In the State of the Union address given on January 28th President Obama introduced the world to ‘MyRA’, a new retirement savings vehicle intended to help the middle class save for their future. This is commendable: a retirement gap of six trillion dollars exists between what Americans should be saving and what they are saving, and this gap must be addressed. How effectively does MyRA get to the heart of this very complex and multi-layered issue? In our opinion, not very effectively.
In his speech Obama stated, “It’s a new savings bond that encourages folks to build a nest egg. MyRA guarantees a decent return with no risk of losing what you put in.” The White House’s factsheet specifies that this vehicle would be available to joint households earning up to $191,000 with initial investments allowed to be as little as $25, annual contributions may be up to $5,500 a year (same as for an IRA), and the account may reach a maximum of $15,000 before being rolled into a commercial account. As he stated in his speech, contributors will be ensured principal safety by a safety bond backed by the US government.
What makes MyRA likely to be the savings vehicle that will close that large retirement savings gap? How will this plan change the saving habits of millions of Americans and offer them a better retirement in a way that other savings plans like IRAs and 401(k)s have not been able to do? President Obama emphasized the risk-free nature of the surety bond. But is the fear of losing principal the central reason for the lack of retirement savings? In our opinion, the answer is no: there are other, bigger fundamental issues at play.

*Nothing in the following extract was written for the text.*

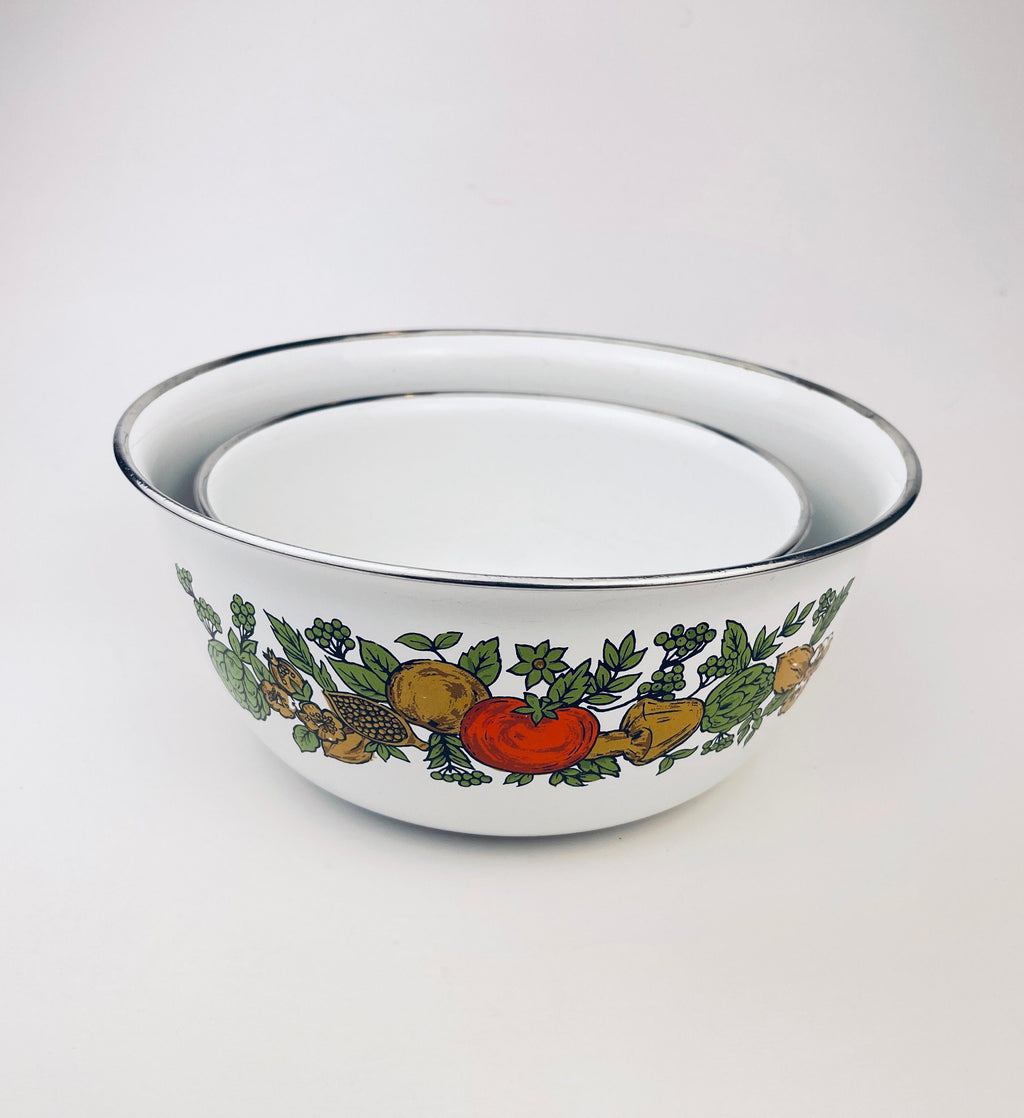 Product image for 'vintage levcoware enamelled nesting mixing bowls vegetable pattern set of two 2' (view 3d0f27)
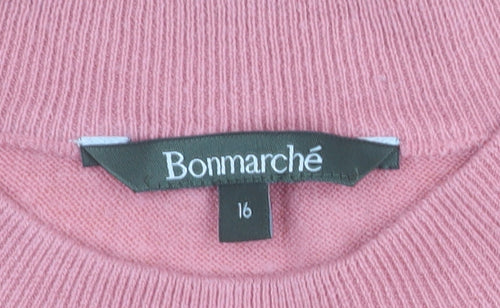Bonmarché Women's Pink Mock Neck Long Sleeve Acrylic Jumper Size 16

At the heart of the issue are two factors: a lack of adequate education regarding good financial habits; and the simple behavioral economics of human beings. The majority of the audience that the MyRA is targeting doesn’t save because they don’t know how to make an effective financial plan towards a long term goal like retirement. Our experience from working with employer-sponsored retirement plans is that most people lack even the most basic knowledge about investing and because they don’t know where to begin, they don’t take action.
Many of these people are working long hours just to keep their heads above water and they view learning how to make effective investment decisions as a commitment for which they simply don’t have the time. The investment choices available today can also be overwhelming, from growth funds to fixed income assets, a great number plan employees with whom we work tell us that they see these investing choices as both intimidating and confusing, leading them to simply turn their backs to the task of doing so. They don’t need a surety bond; they need education and good information.
In many cases, we have also seen that employees don’t invest their money towards retirement because they only vaguely understand what benefit it will bring them. Human nature dictates that people live in the ‘here and now.’ The idea that they will need to save X amount of dollars to sustain their lifestyle for the many years they will live in retirement is a less immediate concern.
This is what we mean by behavioral economics, and it plays a big role in the retirement savings crisis. When it comes to financial decisions, people don’t make rational choices. We are wired to compartmentalize our financial decisions – we don’t think about how spending $4 on a cup of coffee will impact all the other financial decisions we could have made with that $4. In this equation, it is generally the immediate needs that take precedence, and the more distant ones that ultimately suffer.
The Obama administration is correct: there is a vast savings problem in our country. Calling out this problem in a high-profile event like the State of the Union is a step in the right direction. However, the right questions aren’t being asked and the roots of the problem are being misdiagnosed. This misdiagnosis was evident in this part of the President’s remarks: “…offer[ing] every American access to an automatic IRA on the job, so they can save at work just like everyone in this chamber can.” It is unlikely that a new savings vehicle will by itself be the solution to the problems faced by millions of Americans confronting this substantial retirement gap. Most Americans aren’t in a position to save in the way that the President hopes for and there are several more steps that must be taken to address and remedy these fundamental issues before many people can even be shown the doors to said chamber.